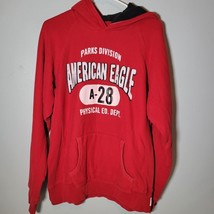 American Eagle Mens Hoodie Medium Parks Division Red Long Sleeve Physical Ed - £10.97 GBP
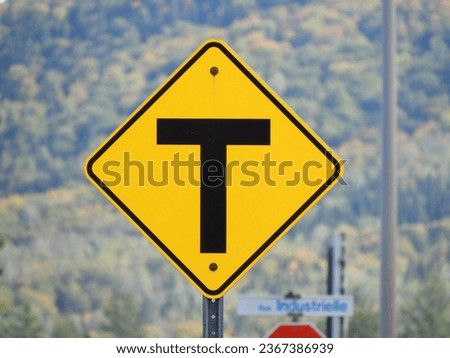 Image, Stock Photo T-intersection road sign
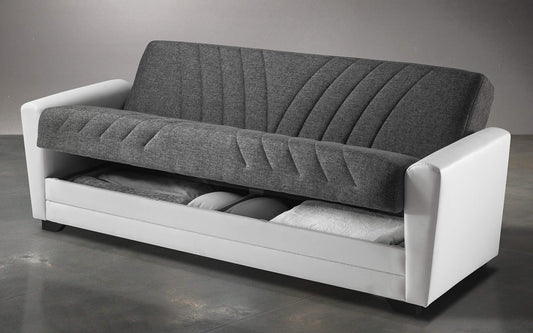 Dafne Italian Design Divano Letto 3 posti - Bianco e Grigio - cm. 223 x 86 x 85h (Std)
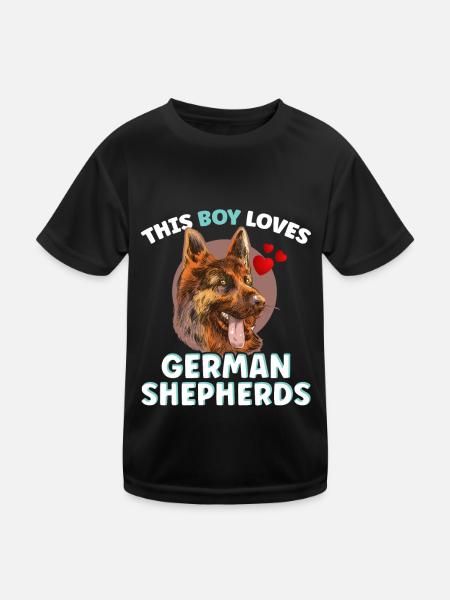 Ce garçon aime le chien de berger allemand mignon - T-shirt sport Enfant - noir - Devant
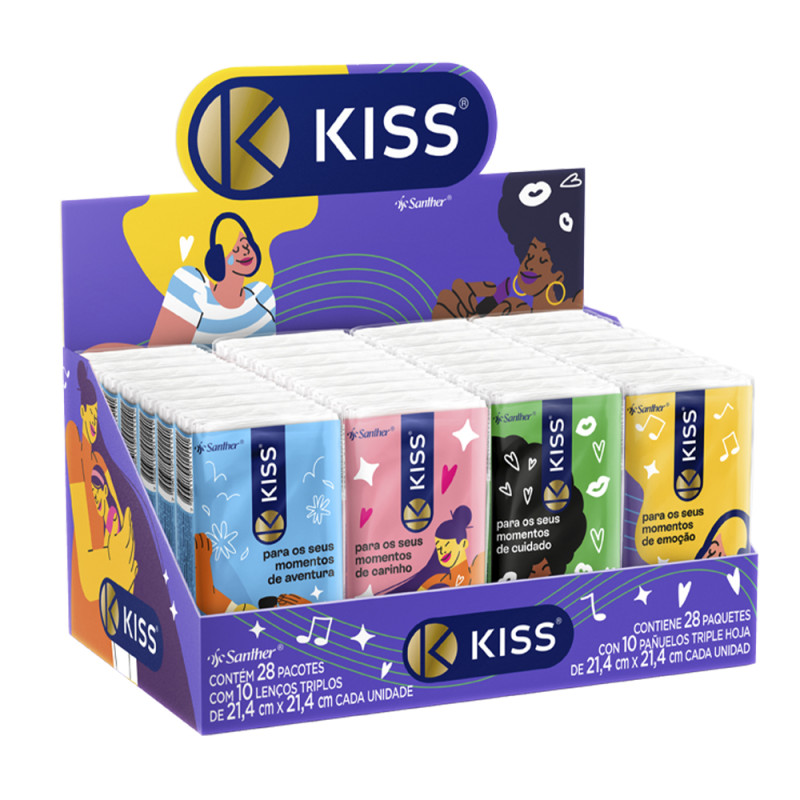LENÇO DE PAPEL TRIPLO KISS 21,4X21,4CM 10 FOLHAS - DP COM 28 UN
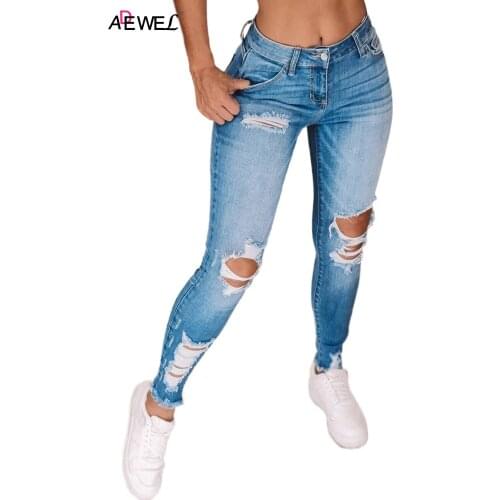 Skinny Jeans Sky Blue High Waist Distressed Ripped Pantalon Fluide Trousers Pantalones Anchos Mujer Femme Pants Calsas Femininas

§ §

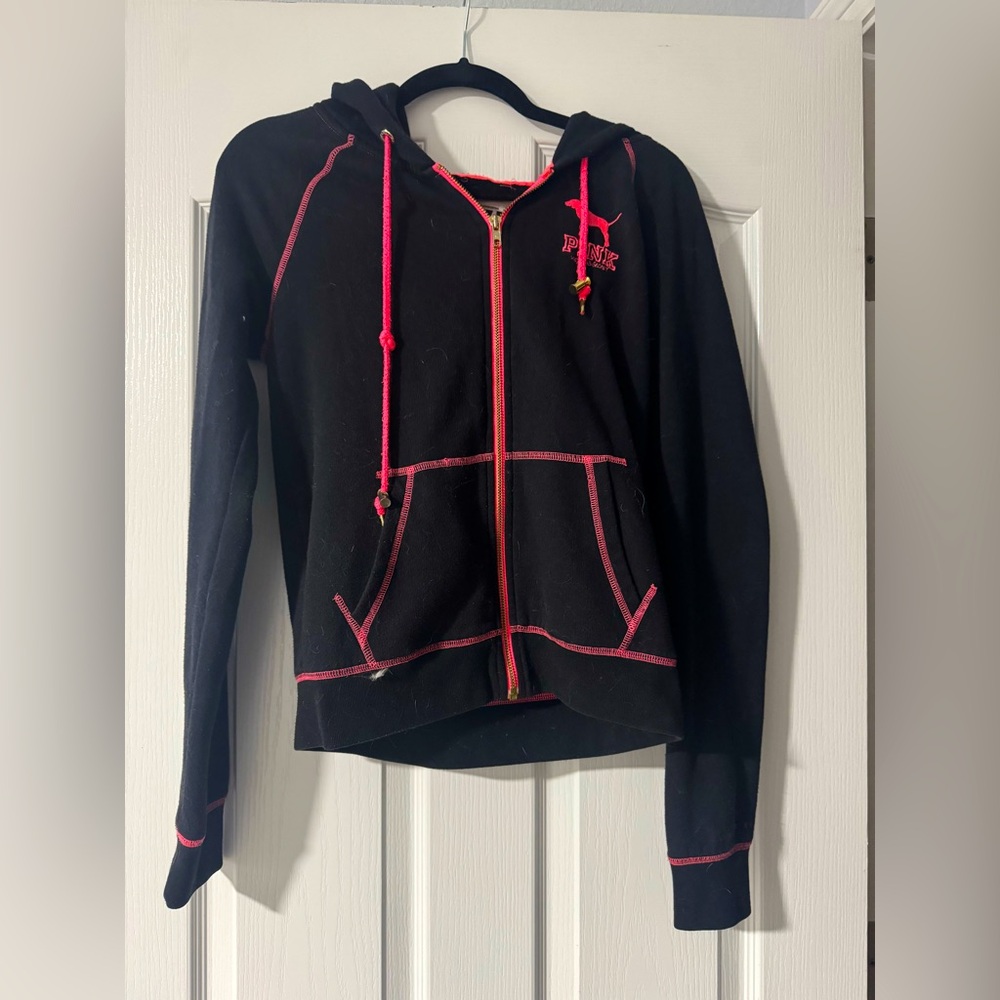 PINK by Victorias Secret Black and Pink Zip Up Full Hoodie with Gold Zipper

§ §

> **Work order**
Set down, exactly as written above, each line from the one with "Ce garçon aime" through the one with "Skinny Jeans Sky", and skip the pictures.

> **Expected output**
 Ce garçon aime le chien de berger allemand mignon - T-shirt sport Enfant - noir - Devant
LENÇO DE PAPEL TRIPLO KISS 21,4X21,4CM 10 FOLHAS - DP COM 28 UN
 Skinny Jeans Sky Blue High Waist Distressed Ripped Pantalon Fluide Trousers Pantalones Anchos Mujer Femme Pants Calsas Femininas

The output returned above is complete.